In Peter’s response we see the pride and self-will that is at the heart of all sin and that is the very thing for which the cross will atone and bring healing. Peter is working from a worldly point of view, and not for the first time. – Rodney A. Whitaker, John: The IVP New Testament Commentary Series
But Jesus responded to Peter with a word of warning: “If I do not wash you, you have no share with me” (John 13:8 ESV). It would only be through Jesus’ death on the cross that true cleansing from sin could be attained. And without it, no one could have a right relationship with Christ or the Father.
Jesus’ words seemed to have gotten Peter’s attention because he immediately demanded that Jesus wash his hands and his head as well. If getting his feet washed by Jesus was a non-negotiable requirement, Peter wanted to show his enthusiasm by requesting even more cleansing. But he was missing the point.

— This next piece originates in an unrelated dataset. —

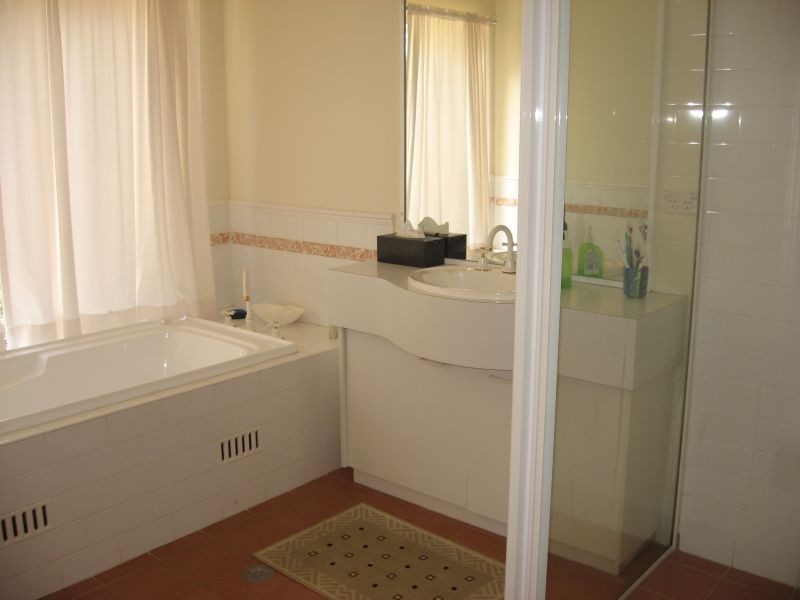 9 Tallowood Drive, Nulkaba NSW 2325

Yet, Jesus doesn’t exactly clear up Peter’s confusion. His next statement is rather cryptic, providing the disciples with little clarity as to what He is talking about.
“The one who has bathed does not need to wash, except for his feet, but is completely clean. And you are clean, but not every one of you.” – John 13:10 ESV
It would seem that Jesus is trying to let Peter and his companions know that they belong to Him. By having been chosen by God and placed in the care of His Son, the disciples have been set apart as His servants. In a sense, they have been cleansed, but not completely. The final phase of their cleansing will take place on the cross. And when that happens, they will be made ready for the indwelling presence of the Holy Spirit. Their lives will have been completely purified and made worthy vessels for the Spirit of God. It would not be until Jesus died, was raised again, and ascended, that the Holy Spirit would be poured out on His followers.
But there was one of them who would not experience this cleansing. He would not live to enjoy the coming of the Spirit of God. Judas was not clean. He was not a true believer in Jesus. He was a betrayer. And the death of Jesus would provide Him with no further cleansing from sin. As Matthew recorded in his gospel, Peter had clearly expressed His belief in Jesus when he stated, “You are the Christ, the Son of the living God” (Matthew 16:16 ESV). But evidently, Judas did not share that belief. He was not fully convinced by Jesus’ claims to be divine. He likely began following Jesus because he had hopes that He was the Messiah. But as time went by and Jesus failed to announce His Kingdom on earth, Judas lost patience and interest. And he would walk out that very night with a preconceived plan to make the most of his relationship with Jesus by betraying Him to the religious authorities. But for the time being, Peter and the rest of the disciples would remain by Jesus’ side.